فرط / نسي / غفل — Cartographie coranique de la responsabilité humaine

Thème : responsabilité humaine Racines : ف ر ط / ن س ي / غ ف ل Approche : corpus coranique uniquement

Introduction

La traduction approximative de certains termes coraniques n’est pas un simple problème linguistique : elle entraîne des glissements conceptuels majeurs qui affectent directement la compréhension de la responsabilité humaine, de l’éthique et du rapport au Kitāb.

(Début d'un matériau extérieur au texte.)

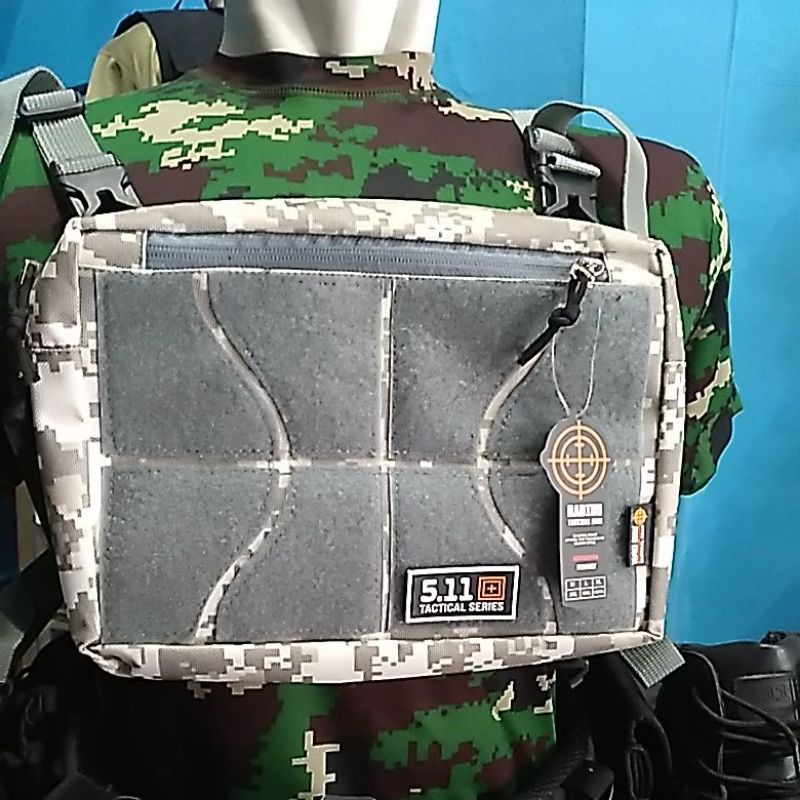 tas dada tactical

Parmi ces confusions, l’assimilation fréquente du verbe فرط (farata) à l’idée d’« oubli » constitue une erreur structurelle : le Coran distingue pourtant très nettement فرط, نسي et غفل, chacun occupant un champ sémantique autonome, cohérent et non interchangeable.

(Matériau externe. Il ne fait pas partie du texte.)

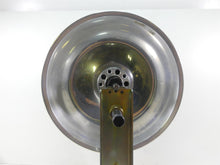 Load image into Gallery viewer, 2008 Harley Softail FXSTB Night Train Rear Solid Cast 17x6 Wheel Rim 41124-08 | Mototech271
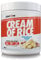 Per4m Cream Of Rice | 15 Servings | High Carbohydrate Cream Of Rice | Breakfast Replacement | Low Sugar Gym Supplements 450g NEW IMPROVED FORMULA (White Chocolate Hazelnut, 450g)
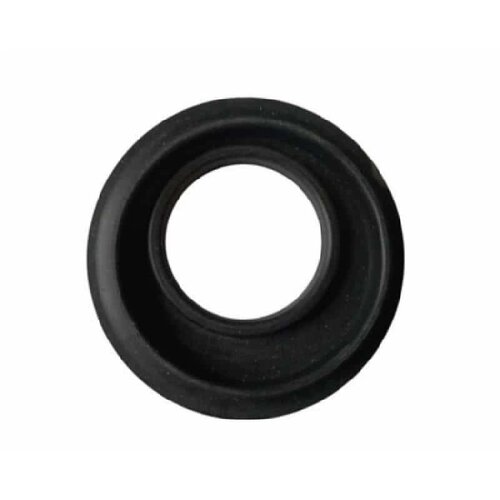 Gorenje Dihtung bojlera TIKI ekscentar 580477 Cene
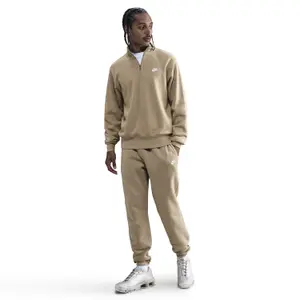 Pantalon de jogging Nike Club image-1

Point clé : فرط n’est pas une défaillance de mémoire ; c’est une rupture fautive de l’équilibre, par négligence ou par excès. L’oubli, lui, se dit نسي.

I. Méthodologie

  • Primauté du texte coranique : aucune dépendance à des gloses postérieures.
  • Cohérence interne : un noyau de sens stable à travers les contextes.
  • Distinction fonctionnelle : des racines différentes ne sont pas de simples synonymes.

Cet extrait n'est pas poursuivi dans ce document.